Does anyone have any recommendations, handy hints and so on? I was in Bangkok a few weeks ago and there they're available at the airport for 99 Baht (about $3) with plenty of minutes and texts included (which is all I'll need it for, along with receiving calls from abroad).

I  have a feeling that these things won't be as cheap in the UK as in Thailand, but would love to be proved wrong...


----------



## Detroit City (Jan 11, 2012)

purves grundy said:


> Does anyone have any recommendations, handy hints and so on? I was in Bangkok a few weeks ago and there they're available at the airport for 99 Baht (about $3) with plenty of minutes and texts included (which is all I'll need it for, along with receiving calls from abroad).
> 
> I have a feeling that these things won't be as cheap in the UK as in Thailand, but would love to be proved wrong...


you can probably eat a Thai meal for 30 'Baht, in the UK it would be 150 Baht


----------



## purves grundy (Jan 11, 2012)

Thanks for your post DC - good to have you back on full form!


----------



## dessiato (Jan 11, 2012)

When I am in the UK I get a card from either Vodafone or 3, mainly for convenience. They are usually free, but you have to put a minimum amount of credit on it, usually £5.

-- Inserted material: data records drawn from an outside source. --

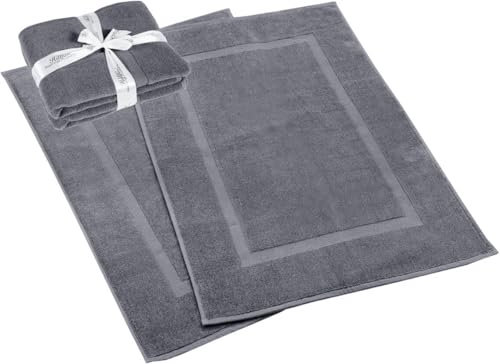 HILLFAIR Badvorleger, 900 g/m², für Hotel-Spa, Badematte, Bodenmatte, 53,3 x 86,4 cm, 100 % Baumwolle, maschinenwaschbar, Frottee-Badvorleger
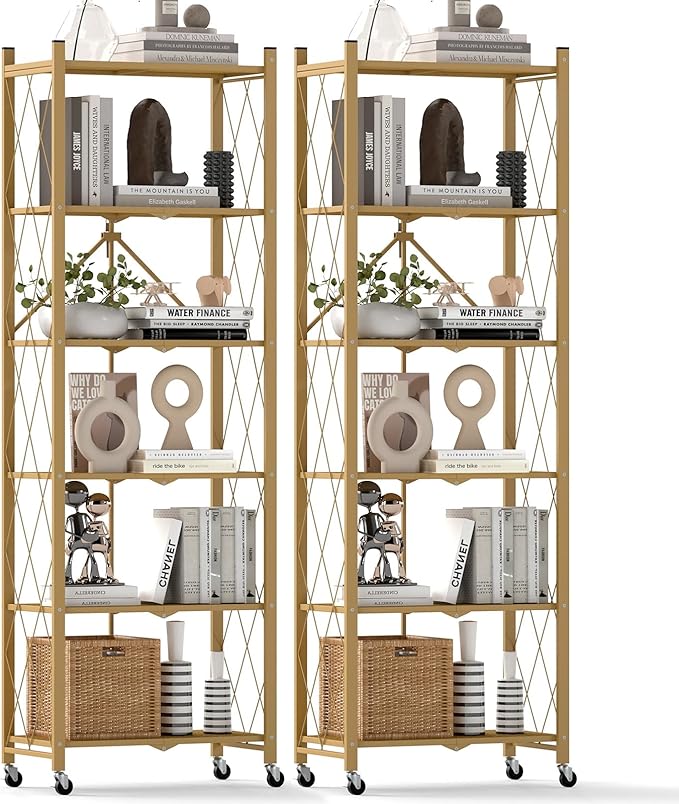DEANIC 6-Shelf Folding Bookcase with Wheels, Heavy Duty Storage Shelves, Freestanding Metal Wire Shelving Unit for Living Room, Office, Kitchen, Basement, Pantry (Gold 2 Pack) by ShowNow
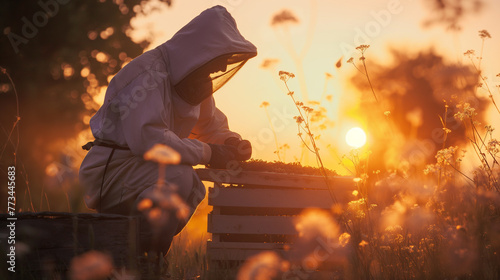 Beekeepers working in a bee farm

I am going to be in the UK in April and need 20 cards so I'll watch this thread!


----------



## purves grundy (Jan 11, 2012)

Yeah, I need a dozen or so... cheers for the info!


----------



## 2hats (Jan 11, 2012)

Giffgaff SIM for mobile internet perhaps (providing you use it at least once every 6 months)? £5 or £10 (or upwards from there) depending on what mix of texts/minutes/MB you are looking for. Seems to be the best option for friends visiting the UK who generally want data for VOIP, etc.


----------



## purves grundy (Jan 12, 2012)

I just want to go into a shop and buy a SIM that lets me phone and text, nothing more.


----------



## Minnie_the_Minx (Jan 12, 2012)

You need to produce your passport to buy a Sim in Singapore


----------



## Minnie_the_Minx (Jan 12, 2012)

purves grundy said:


> I just want to go into a shop and buy a SIM that lets me phone and text, nothing more.



Don't know much about them but my friend went with Lebara

http://www.lebara.co.uk/


----------



## Shifter (Jan 12, 2012)

Minnie_the_Minx said:


> You need to produce your passport to buy a Sim in Singapore



Understandable. I would have though you'd need to provide some amount of traceable ID in this country as well.

Most carriers offer free payg sims, anyway - http://free-sim-cards.org.uk/


----------